Job description
Company culture :
Leyton stands out for a strongly cooperative and people-centered culture, where trust, collaboration and employee well-being are key pillars. The company promotes a close management approach focused on support, empowerment and high-quality team relationships. This collaborative foundation is complemented by a significant innovation dimension, fostering initiative, creativity and agility. Competitive and organizational cultures play a more secondary role, providing structure, performance orientation and operational efficiency.
Job :
As an experienced AI Software Engineer, you will play a driving role within our multidisciplinary team (Data Scientists, DevOps, Consultants). You will be responsible for architectural design, development, and large-scale deployment of AI-based technology solutions for both internal and external clients. You will tackle complex, open-ended problems requiring sharp technical decisions, uncompromising engineering rigor, and a strong capacity for innovation.
Responsibilities :
- Architecture & Development: Design, architect, and develop complete, scalable features and platforms (APIs, business logic, databases, security).
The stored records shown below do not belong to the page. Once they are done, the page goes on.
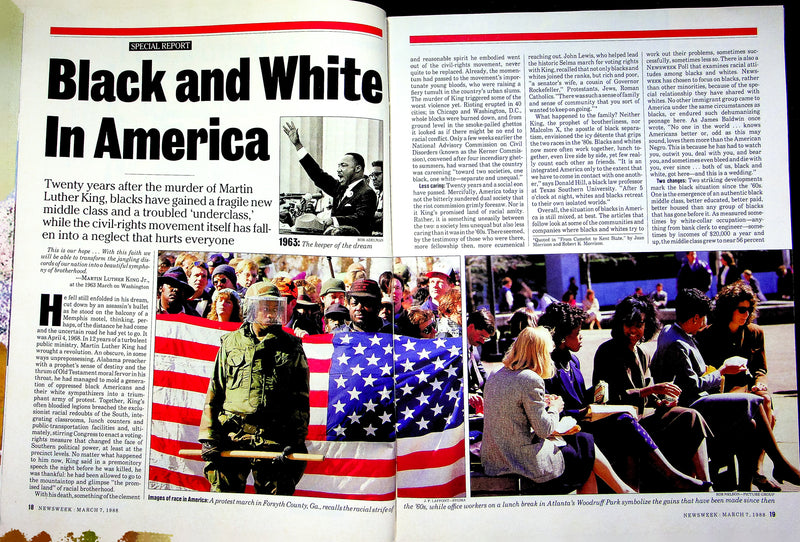 Newsweek Magazine March 7 1988 African American Special Report Civil Rights 3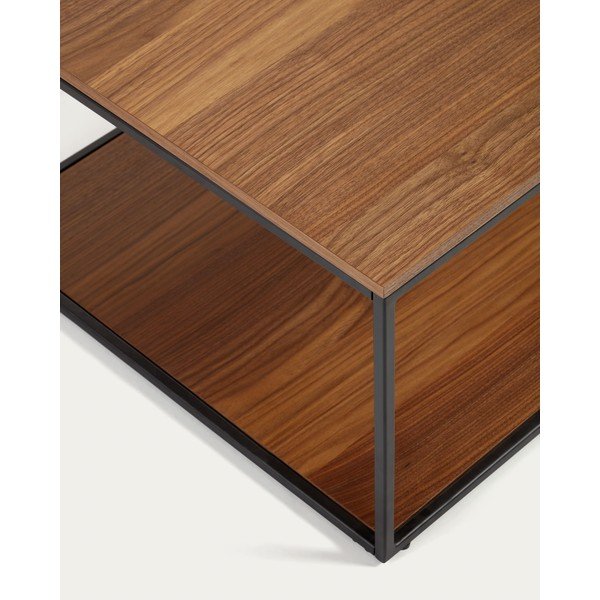 Stolić za kavu s pločom stola u dekoru oraha u tamnoj prirodnoj boji 60x110 cm Yoana – Kave Home-image-4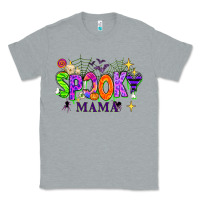 Heather Grey Halloween Spooky Mama Classic Tee - texasbilliewilder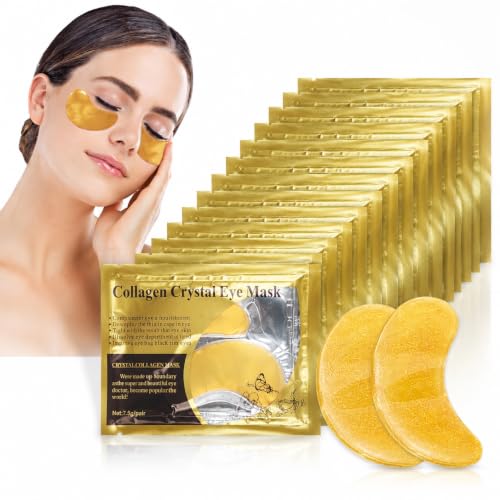 24 Pares Parches de Ojos 24K Oro, Hidratante para el Contorno de Ojos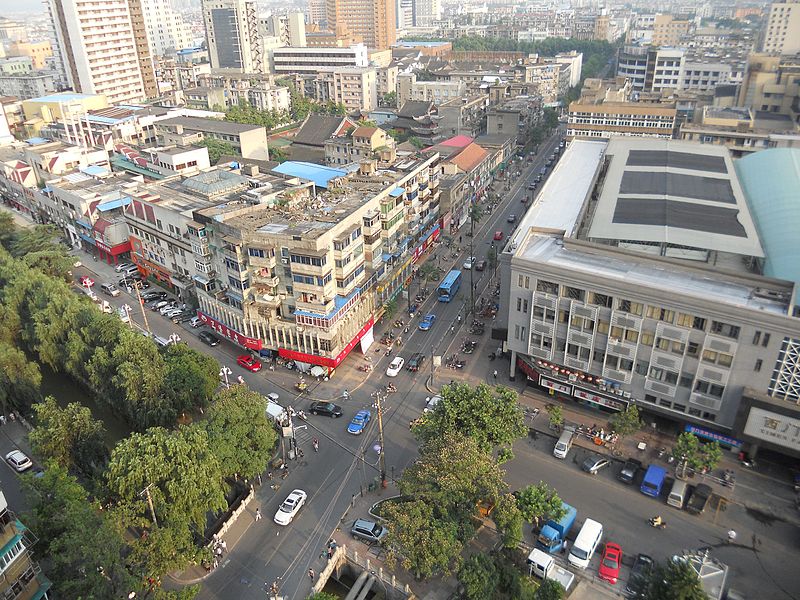 File:View from 15th Floor, International Hotel Xiaoshan Hangzhou, Zhejiang, China, July 1, 2010 - panoramio.jpg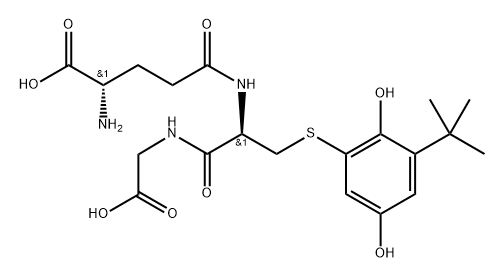 6-(S-glutathionyl)-2-tert-butylhydroquinone Struktur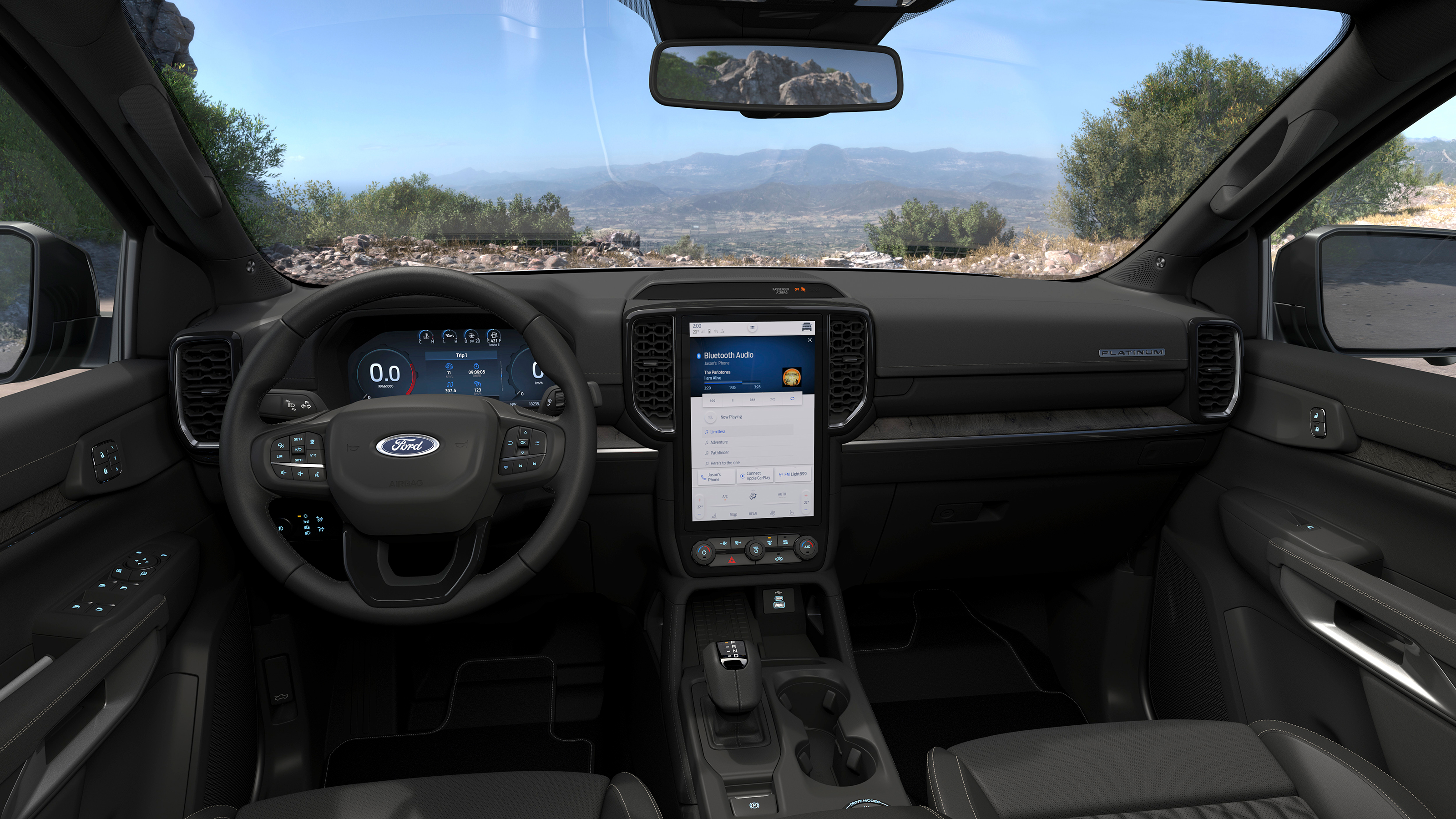 Ford Ranger Platinum - dashboard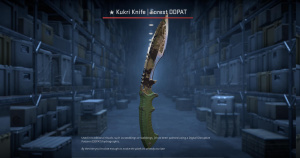 ★ Kukri Knife | Forest DDPAT (Battle-Scarred) Screenshot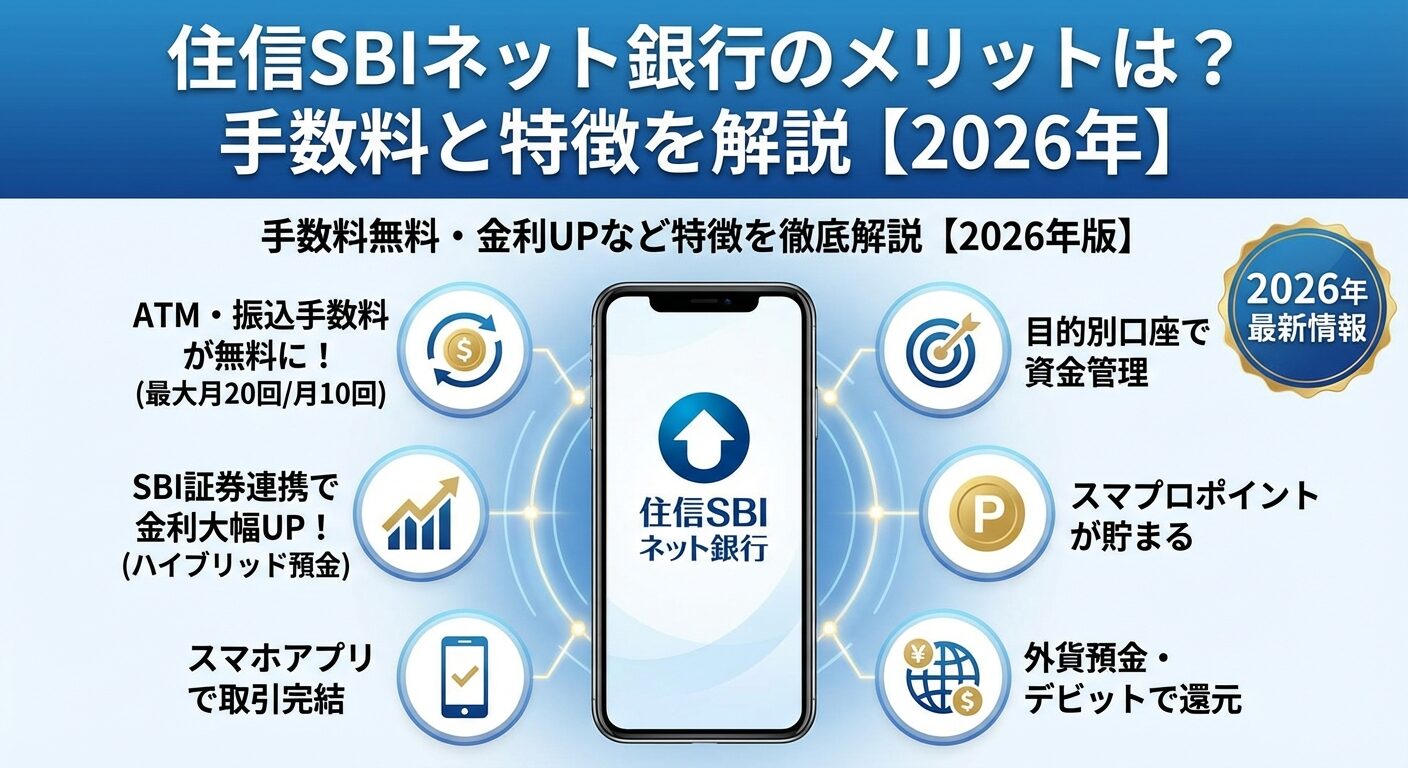 住信SBIネット銀行のメリットは？手数料と特徴を解説【2026年】 | 会社設立のミチシルベ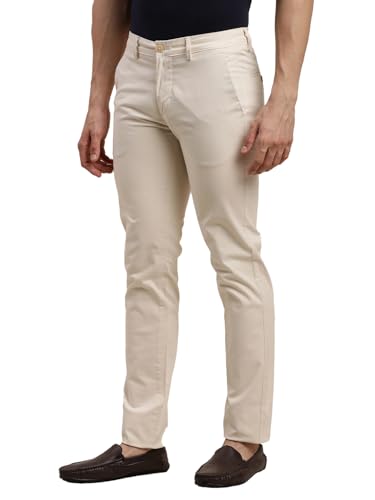 Pantalon homme coton stretch Turtle ultra slim pour le bureau et les sorties
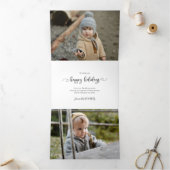 可愛メリーい書道の写真 三つ折りクリスマスカード (内部)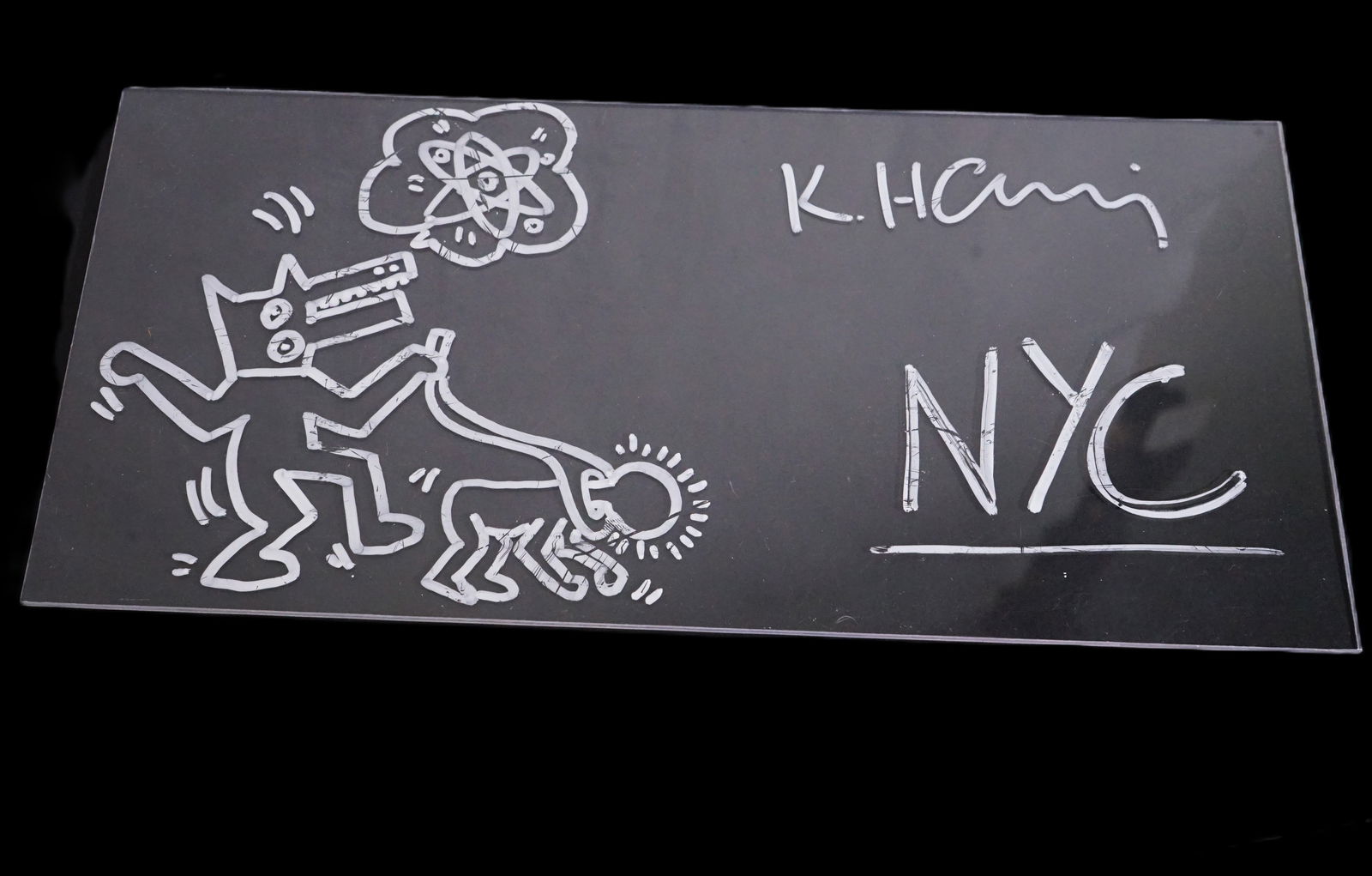 Keith Haring Signed Nyc Acrylic Panel - 2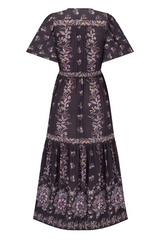 Dark Slate Gray Rebel Spirit Gown in Hyacinth Maxi Dress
- AI Engineering: Lead the implementation of complex AI systems in production: advanced RAG pipelines, LLM agent fleets, model fine-tuning and integration (OpenAI, Anthropic, open-source LLMs).
- Quality & Clean Code: Champion best practices (SOLID principles, Clean Architecture, design patterns) and conduct thorough code reviews.
- Reliability & Testing: Define the testing strategy (TDD, unit, integration, e2e, stress tests) to ensure flawless deployments.
- MLOps & Cloud: Deploy, monitor, and optimize models and code in dedicated environments with robust CI/CD pipelines.
- Client Facing & Advisory: Act as a technical expert with clients. Understand their business challenges, break down complex concepts, and defend your architectural decisions.
- Mentoring: Support the growth and skill development of junior developers and DataLab interns.
Required Skills :
Fundamentals - Full Mastery Expected
- System Design & Architecture: Ability to design distributed, scalable, and resilient systems. Strong command of architectural trade-offs.
- Data Structures & Algorithms: Solid algorithmic expertise for performance optimization (Big-O, streaming and batch data processing).
- Clean Code & Patterns: Strict application of SOLID principles and mastery of design patterns (including microservices and event-driven architectures).
- CI/CD & DevOps: Advanced Docker, orchestration (Kubernetes is a plus), GitHub Actions / GitLab CI, Terraform / Infrastructure as Code.
- APIs & Databases: Design of robust APIs (REST, gRPC, GraphQL). Optimization of relational (PostgreSQL) and non-relational databases (MongoDB, Redis, graph databases).
AI & Data - Technical Expertise:
- LLM Integration & Ops (LLMOps): Advanced API integration, complex prompt engineering, token/cost management, streaming, continuous monitoring, and evaluation of models in production.
- RAG & Agent Ecosystem: Proficiency with LangChain, LlamaIndex, or custom solutions. LangGraph. Large-scale implementation of Vector Stores (FAISS, Pinecone, Qdrant, Milvus). Advanced chunking and reranking strategies.
- Information Retrieval: Solid understanding of search algorithms (TF-IDF, BM25, Cross-Encoders) and search engines (Elasticsearch).
Tech Stack - Tech Agnostic, with Strong Appetite for:
Python · TypeScript / Node.js · Java / Spring · FastAPI / Django · React · PostgreSQL · Redis · Vector DBs
AWS / GCP / Azure · Docker / Kubernetes · Git / CI/CD · LangChain / LlamaIndex · OpenAI API · Elasticsearch · Kafka / RabbitMQ
Required profile :
- Engineering degree or Master's (Computer Science, Mathematics, Data Science) with 3 to 6 years of relevant experience.
- Proven track record: You have already designed, developed, and deployed software solutions integrating AI (Machine Learning, NLP, or GenAI) with measurable business impact.
- Problem-solving & Autonomy: Ability to take a vague business need and turn it into a solid technical architecture and finished product.
- Communication & Leadership: Strong interpersonal skills to engage with demanding clients and the ability to rally a technical team.
- Technological Watch: Insatiable curiosity for a fast-moving AI ecosystem.
This job post has been translated by AI and may contain minor differences or errors.